# rabbit kept on his own



## MrRustyRead (Mar 14, 2011)

everyone keeps telling me i should get my rabbit a friend, but ive tried and he is highly aggressive towards the other and he got very stressed so when he is kept on his own he is a lot happier. so i dont know what to do.


----------



## Guest (May 22, 2011)

Is he neutered?
How do you try the intro's, is it on neutral territory?
Have you tried a buck friend or doe?

Sorry can't really answer your poll because as far as I am concerned you don't "force" a rabbit to have a friend you find the right match for him


----------



## MrRustyRead (Mar 14, 2011)

he is neutered and i tried a doe and a buck, i tried it on new territory but he got really stressed when he saw them and was with them but as soon as they had gone he was fine. he prefers the company of my cats when i take him out on his lead haha


----------



## Lil Miss (Dec 11, 2010)

you dont force them to make friends, and no rabbit is truely happy on their own, to me it sounds like you dont really know how to bond

when bonding chassing fur pulling and mounting are all very common behaviours, and if you arent up on bunny body language can look quite vicious, my advice to you would be to contact a local rescue, and take your bunny down to find him a friend and let the rescue bond them


----------



## MrRustyRead (Mar 14, 2011)

yer i understand the normal behaviour when introducing them but he went for them and tried to bite them, he put and abscess on the others back because he bite it so hard


----------



## Guest (May 22, 2011)

jimbo_28_02 said:


> he is neutered and i tried a doe and a buck, i tried it on new territory but he got really stressed when he saw them and was with them but as soon as they had gone he was fine. he prefers the company of my cats when i take him out on his lead haha


By the sounds of it you haven't tried to bond properly which will be your issue.
As Lil Miss has said try finding a rescue that offers a bonding service and then they will pick who is best for you bun and you will get a bonded pair back


----------



## Guest (May 22, 2011)

Where abouts are you?
I'll see if I can find anything for you.


----------



## MrRustyRead (Mar 14, 2011)

ive been speaking to a lady from a rabbit rescue that specialises in rabbit behaviour and she suggested not to put him with another rabbit but instead as he is comfortable with my cats to supervise him with them as he is able to cuddle up and play with them. i was abit shocked when they suggested it but it seems to work very well


----------



## MrRustyRead (Mar 14, 2011)

B3rnie said:


> Where abouts are you?
> I'll see if I can find anything for you.

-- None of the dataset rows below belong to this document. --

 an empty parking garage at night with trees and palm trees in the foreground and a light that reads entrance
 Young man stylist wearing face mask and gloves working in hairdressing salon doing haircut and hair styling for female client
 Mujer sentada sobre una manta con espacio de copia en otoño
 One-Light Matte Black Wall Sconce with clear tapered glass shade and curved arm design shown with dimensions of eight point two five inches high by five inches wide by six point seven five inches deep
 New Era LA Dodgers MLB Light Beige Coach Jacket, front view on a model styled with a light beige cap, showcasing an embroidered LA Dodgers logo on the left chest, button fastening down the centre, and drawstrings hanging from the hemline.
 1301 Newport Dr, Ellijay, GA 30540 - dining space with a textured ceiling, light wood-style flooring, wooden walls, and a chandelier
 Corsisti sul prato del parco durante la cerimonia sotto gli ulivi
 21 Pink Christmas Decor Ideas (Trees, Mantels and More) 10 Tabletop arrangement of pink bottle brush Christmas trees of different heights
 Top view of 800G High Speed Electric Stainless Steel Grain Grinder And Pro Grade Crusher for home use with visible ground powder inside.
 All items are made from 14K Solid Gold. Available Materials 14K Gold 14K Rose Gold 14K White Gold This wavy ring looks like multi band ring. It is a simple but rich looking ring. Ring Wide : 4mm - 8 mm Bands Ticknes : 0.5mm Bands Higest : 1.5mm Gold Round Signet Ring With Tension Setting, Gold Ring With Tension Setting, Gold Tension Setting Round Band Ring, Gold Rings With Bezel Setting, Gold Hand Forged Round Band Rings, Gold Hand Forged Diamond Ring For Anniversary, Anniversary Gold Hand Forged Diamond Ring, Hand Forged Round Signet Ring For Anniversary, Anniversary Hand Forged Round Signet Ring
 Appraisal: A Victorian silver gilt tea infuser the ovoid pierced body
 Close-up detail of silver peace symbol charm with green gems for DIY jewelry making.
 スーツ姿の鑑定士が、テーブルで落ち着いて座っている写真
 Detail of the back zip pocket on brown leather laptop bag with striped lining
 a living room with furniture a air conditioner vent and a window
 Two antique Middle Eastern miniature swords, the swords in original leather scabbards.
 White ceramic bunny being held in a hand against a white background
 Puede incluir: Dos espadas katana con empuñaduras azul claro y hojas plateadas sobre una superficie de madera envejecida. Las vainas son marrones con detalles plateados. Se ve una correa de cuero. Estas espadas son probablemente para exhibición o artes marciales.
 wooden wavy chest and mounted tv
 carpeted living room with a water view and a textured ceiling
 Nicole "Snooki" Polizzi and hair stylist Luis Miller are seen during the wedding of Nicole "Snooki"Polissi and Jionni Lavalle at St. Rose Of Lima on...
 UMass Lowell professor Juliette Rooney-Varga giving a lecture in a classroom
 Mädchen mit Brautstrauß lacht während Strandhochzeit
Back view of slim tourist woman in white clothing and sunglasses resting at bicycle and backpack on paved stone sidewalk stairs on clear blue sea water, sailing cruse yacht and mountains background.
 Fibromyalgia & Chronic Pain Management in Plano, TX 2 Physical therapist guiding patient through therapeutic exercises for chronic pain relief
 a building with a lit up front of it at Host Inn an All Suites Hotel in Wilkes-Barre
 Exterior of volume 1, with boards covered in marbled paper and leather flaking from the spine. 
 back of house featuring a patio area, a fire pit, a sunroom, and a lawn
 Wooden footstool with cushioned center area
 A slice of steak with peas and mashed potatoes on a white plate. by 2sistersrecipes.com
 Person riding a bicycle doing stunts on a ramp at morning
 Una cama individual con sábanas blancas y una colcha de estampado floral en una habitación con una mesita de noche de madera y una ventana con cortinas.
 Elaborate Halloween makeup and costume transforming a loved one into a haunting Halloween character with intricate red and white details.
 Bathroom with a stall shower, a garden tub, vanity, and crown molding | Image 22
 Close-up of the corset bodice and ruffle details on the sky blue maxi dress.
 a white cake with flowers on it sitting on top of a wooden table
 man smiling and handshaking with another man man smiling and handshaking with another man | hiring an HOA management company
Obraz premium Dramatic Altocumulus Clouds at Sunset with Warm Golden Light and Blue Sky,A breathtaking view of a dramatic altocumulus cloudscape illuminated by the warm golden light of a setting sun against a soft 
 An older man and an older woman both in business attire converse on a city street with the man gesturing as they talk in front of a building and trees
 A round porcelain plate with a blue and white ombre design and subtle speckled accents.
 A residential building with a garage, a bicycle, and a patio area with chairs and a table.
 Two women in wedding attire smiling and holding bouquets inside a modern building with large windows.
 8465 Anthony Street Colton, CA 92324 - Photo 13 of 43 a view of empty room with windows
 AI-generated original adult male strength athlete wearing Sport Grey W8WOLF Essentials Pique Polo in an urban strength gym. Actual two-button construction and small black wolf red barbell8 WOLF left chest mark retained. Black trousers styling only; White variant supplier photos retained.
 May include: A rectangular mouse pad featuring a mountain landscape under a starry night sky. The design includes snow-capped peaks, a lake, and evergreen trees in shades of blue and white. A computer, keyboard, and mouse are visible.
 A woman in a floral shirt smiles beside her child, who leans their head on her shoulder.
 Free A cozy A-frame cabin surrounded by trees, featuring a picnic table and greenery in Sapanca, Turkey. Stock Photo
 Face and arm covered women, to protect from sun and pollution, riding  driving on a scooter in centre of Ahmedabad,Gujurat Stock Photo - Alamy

i live in norfolk, i looked into it when his friend died but they were not happy with letting me have one as with his previous history of aggression


----------



## Guest (May 22, 2011)

jimbo_28_02 said:


> ive been speaking to a lady from a rabbit rescue that specialises in rabbit behaviour and she suggested not to put him with another rabbit but instead as he is comfortable with my cats to supervise him with them as he is able to cuddle up and play with them. i was abit shocked when they suggested it but it seems to work very well


Err which rescue?

That is NOT the way to go ut:


----------



## MrRustyRead (Mar 14, 2011)

she works for my local vets and can answer every question you could ever think of. i wouldnt of suggested it, but it seems to be working very well, so ill do whatever keeps him happy. he used to be very aggressive towards me and ever since he was be socialising with my cats this has stopped


----------



## Guest (May 22, 2011)

jimbo_28_02 said:


> i live in norfolk, i looked into it when his friend died but they were not happy with letting me have one as with his previous history of aggression


I live in Suffolk if you have a neutered rabbit in mind and can get them to me I will gladly bond them for you.


----------



## gloworm*mushroom (Mar 4, 2011)

A cat friend really is no comparison. I have two cats and one in particular lives my buns, but it's not the same.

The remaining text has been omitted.